Un dilemme, car elle sait aussi qu'elle ne peut pas retourner chez elle, où elle dit que son père a été tué pour des motifs politiques.

"On a souffert tant de tragédies", poursuit cette femme, qui ne se sentira en sécurité qu'aux États-Unis, dit-elle.

Les quelque 150 Centre-américains qui restent dans cette "caravane" attendent depuis dimanche dans un campement improvisé à Tijuana, au Mexique, juste en face du poste-frontière où ils veulent faire leur demande d'asile. Quelque 25 d'entre eux sont déjà passés devant un agent de l'immigration.

Ils se voient alors placés en détention pour initier le processus: déterminer s'ils encourent "une menace crédible" dans leur patrie, a expliqué à l'AFP Stephen Yale-Loehr, professeur de droit migratoire à l'Université Cornell.

Si c'est le cas, "on passe à une audience sur les mérites de la demande d’asile devant un juge de l’immigration. Un demandeur n'a théoriquement plus à être maintenu en détention à ce stade, mais de fait il l'est souvent car le gouvernement veut s'assurer qu'il ou elle se présentera à l'audience", poursuit M. Yale-Loehr.

- Décourager l'aventure -

D'après le The New York Times, environ 700 enfants ont été séparés de leurs parents à des postes-frontière depuis octobre 2017, 100 ayant moins de quatre ans.

Les critiques du président Donald Trump - qui a conquis la Maison Blanche sur un programme très anti-immigration - affirment que la séparation des enfants contribue aussi aux efforts pour décourager les sans-papiers de tenter l'aventure.

Ce que nie Tyler Houton, porte-parole du département américain de la sécurité nationale (DHS): "Il n'existe pas de politique de séparation des familles à la frontière dans un but dissuasif".

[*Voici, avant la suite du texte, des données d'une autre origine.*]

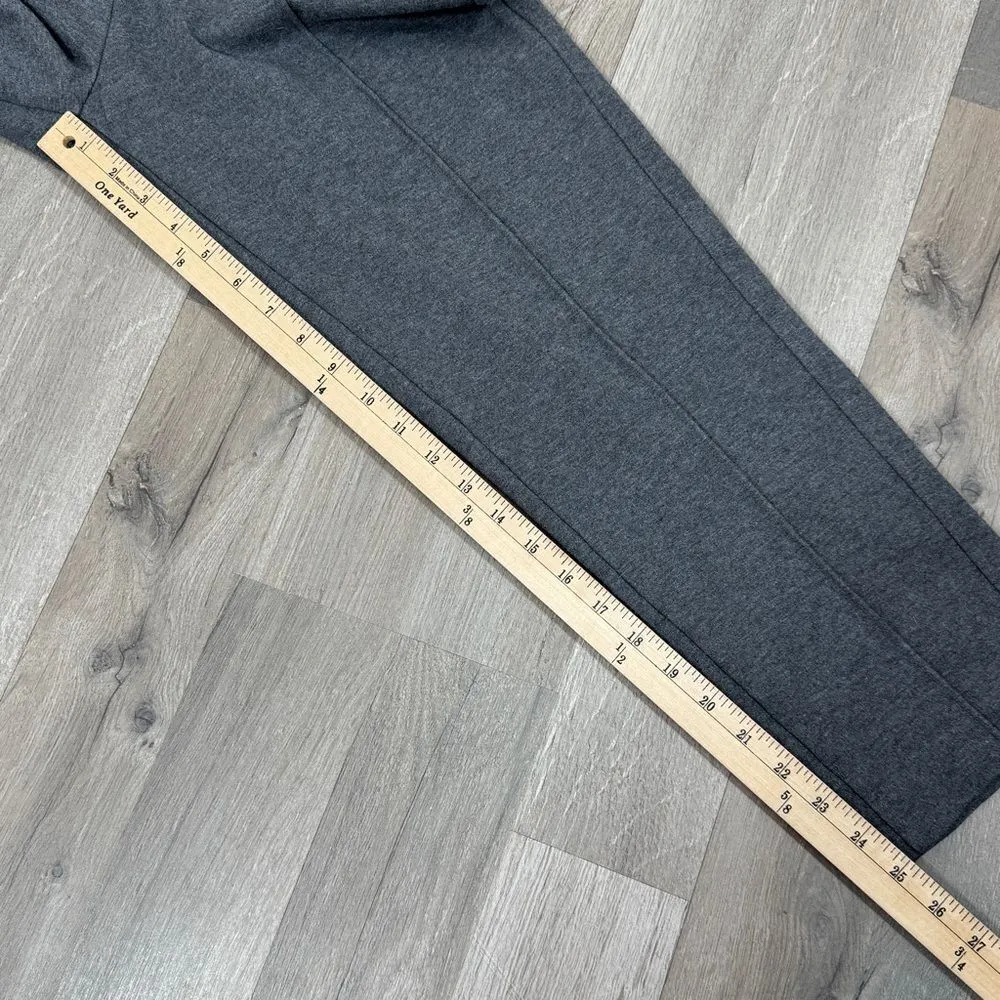 Everlane The Dream Pant Knit Crop‎ Pants Heather Grey Small - Image 13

"Comme le demande la loi, le DHS doit protéger les mineurs qui traversent nos frontières et parfois cela se traduit dans la séparation d'un adulte si nous ne sommes pas certains de la relation parentale ou pensons que l'enfant est en danger", ajoute-t-il.

"C'est l'une des niches que nous aimerions voir le Congrès clore pour reprendre le contrôle de nos frontières", conclut le porte-parole.

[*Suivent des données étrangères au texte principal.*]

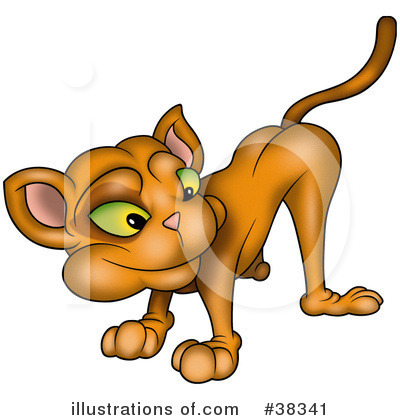 Royalty-Free (RF) Cat Clipart Illustration by dero - Stock Sample #38341
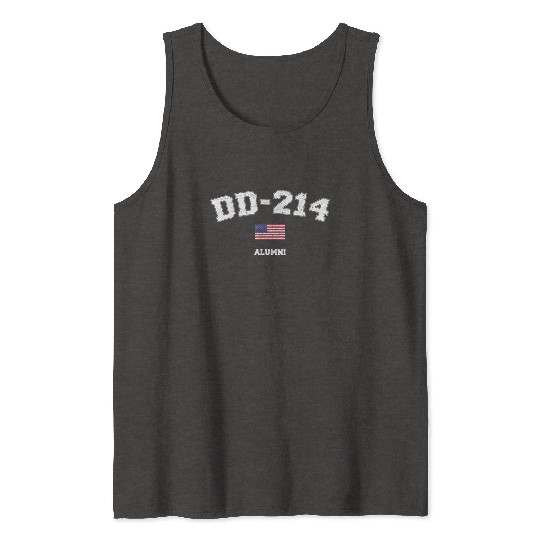 Dd 214 Us Armed Forces Alumni Usa Flag Vintage Tank Tops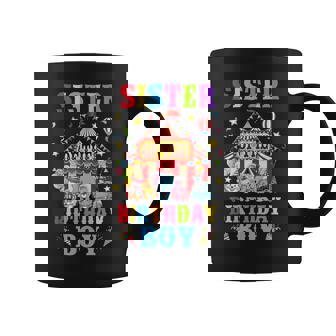 Sister Of The Birthday For Boy Circus Carnival Theme Party Coffee Mug - Thegiftio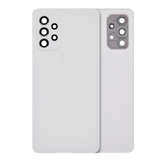 Replacement Back Cover Glass With Camera Lens Compatible For Samsung Galaxy A72 (A725 / 2021) (Service Pack) (White)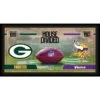 Green Bay Packers Vs. Minnesota Vikings Framed 10" X 20" House Divided Football Collage -Riddel Shop green bay packers vs minnesota vikings framed 10 x 20 house divided football collage pi3964000 ff 3964150 8eacaf8ce58dba123050 full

Le gouvernement américain a alerté sur une envolée des détentions de sans-papiers à la frontière: 90.033 entre janvier et mars contre 62.525 sur la même période en 2017, et a qualifié la caravane "d'attaque contre la souveraineté de la nation".

"Ils profitent des failles du système", dénonce le vice-président Mike Pence."

"Certains ont un bon dossier, mais pas beaucoup", a assuré Tom Homan, directeur par intérim de l'agence de la police des frontières (ICE) sur Fox News mardi.

James Jones, avocat de l'immigration à Chula Vista, une banlieue de San Diego qui jouxte la frontière, s'est rendu au Mexique pour conseiller gratuitement les membres de la caravane sur le processus d'asile et ses risques.

- Peur du retour -

Si beaucoup ont peur d'être séparés de leurs enfants, "ils craignent encore plus de rentrer chez eux" où ils risquent de se faire tuer.

C'est l'attitude de Johana Magaly. Cette mère de 37 ans préfère se séparer de ses cinq enfants temporairement si cela veut dire entrer aux États-Unis et ne pas retourner au Guatemala, où elle assure, sans donner de détails, qu'un homme la menace de mort.

L'Union américaine des libertés civiques (ACLU) a poursuivi le gouvernement en justice pour sa "politique de séparation des familles", au nom d'une Congolaise qui fuyait la violence de son pays et a été placée dans un centre à 3.200 km de là où avait été envoyée sa fille de 7 ans. Le gouvernement américain a fini par relâcher la mère pour qu'elle puisse retrouver son enfant.

"Il reste beaucoup d'autres familles séparées et nous continuerons à nous battre contre cette horrible pratique", promet l'ACLU.